» **YOUR TASK**
Please reproduce the following records exactly, with nothing omitted.

** Opening DATA TO PROCESS block **

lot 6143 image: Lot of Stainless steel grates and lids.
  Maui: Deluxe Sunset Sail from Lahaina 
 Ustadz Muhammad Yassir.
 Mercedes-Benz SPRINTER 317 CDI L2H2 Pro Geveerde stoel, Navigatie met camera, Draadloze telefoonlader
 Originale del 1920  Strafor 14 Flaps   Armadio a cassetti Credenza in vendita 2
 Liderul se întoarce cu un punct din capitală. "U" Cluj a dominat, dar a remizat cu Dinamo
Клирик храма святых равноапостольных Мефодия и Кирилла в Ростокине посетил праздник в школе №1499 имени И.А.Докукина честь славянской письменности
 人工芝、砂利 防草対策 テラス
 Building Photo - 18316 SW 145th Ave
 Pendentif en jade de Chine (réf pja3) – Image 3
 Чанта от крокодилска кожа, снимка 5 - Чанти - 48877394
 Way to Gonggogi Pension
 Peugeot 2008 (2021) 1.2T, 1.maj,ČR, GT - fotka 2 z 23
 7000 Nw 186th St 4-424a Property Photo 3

** Closing DATA TO PROCESS block **

» **SOLUTION FOR THIS TASK**
lot 6143 image: Lot of Stainless steel grates and lids.
  Maui: Deluxe Sunset Sail from Lahaina 
 Ustadz Muhammad Yassir.
 Mercedes-Benz SPRINTER 317 CDI L2H2 Pro Geveerde stoel, Navigatie met camera, Draadloze telefoonlader
 Originale del 1920  Strafor 14 Flaps   Armadio a cassetti Credenza in vendita 2
 Liderul se întoarce cu un punct din capitală. "U" Cluj a dominat, dar a remizat cu Dinamo
Клирик храма святых равноапостольных Мефодия и Кирилла в Ростокине посетил праздник в школе №1499 имени И.А.Докукина честь славянской письменности
 人工芝、砂利 防草対策 テラス
 Building Photo - 18316 SW 145th Ave
 Pendentif en jade de Chine (réf pja3) – Image 3
 Чанта от крокодилска кожа, снимка 5 - Чанти - 48877394
 Way to Gonggogi Pension
 Peugeot 2008 (2021) 1.2T, 1.maj,ČR, GT - fotka 2 z 23
 7000 Nw 186th St 4-424a Property Photo 3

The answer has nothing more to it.